At the heart of her work Westwood has always been and remains the fearless fashion heroine, pushing boundaries with not only her design, but forceful character. Her and Malcolm’s son, Joe Corré, who incidentally is the founder of Agent Provocateur, quite indisputably proclaimed her as “Britain’s last genuine punk”.
Lorna Tucker’s new documentary, Westwood: Punk, Icon, Activist, is a highly entertaining glimpse behind the scenes into the character of this fashion one-off and her talent, which she defines in the film as ‘spatial intelligence’.
But it’s not an easy ride with the cantankerous Westwood. Frankly, we’d be disappointed with less.
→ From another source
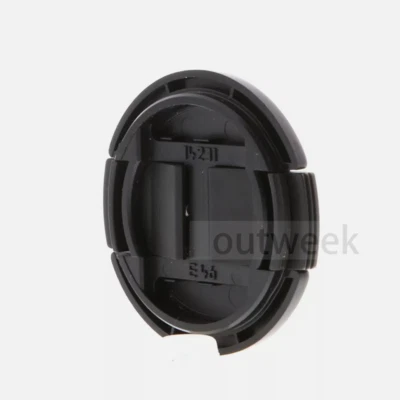 Genuine Leica Front Lens Cap E39 E46 E49 E55 E60 E67 mm In bulk New - Image 1 of 2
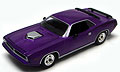 ERTL - 39459 - 1970 HEMI Cuda -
If you’re after a detailed dissection of the beginnings of one of the defining genres of our time, look elsewhere in Julian Temple’s The Great Rock ’n’ Roll Swindle. Asked about the birth of Punk and the Sex Pistols, she takes a quick swing at Johnny Rotten and then denounces the entire topic with “It’s so boring.”
It’s going to be hard work from here. Primarily the film chronicles her career as the subversive fashion designer.
But there is so much more behind this left-field and unlikely entrepreneur, that the bumpy ride is well worth the bruising. As is her commentary on a range of incidents across her career.
It shows the notorious UK TV interview from the ’80s where a studio audience laughed and mocked the models who appeared wearing her creations. Westwood was visibly wounded, but maintained an equanimity.
When Westwood surprised the world by accepting the OBE award from Queen Elizabeth II in 1992, she was filmed by the press photographer as being knicker-less. On being questioned about her risqué choice of wardrobe for a royal occasion, Westwood instantly retorted, “I wished to show off my outfit by twirling the skirt. It did not occur to me that, as the photographers were practically on their knees, the result would be more glamorous than I expected.”
A valuable lesson to an intrusive press, don’t mess with the true originator of ‘Girl Power’.
It would be unfitting if I didn’t leave the last word of this review to Westwood’s own critique of the documentary, which ultimately heightens your desire to watch it even more.
“This film about me is mediocre. I am not.”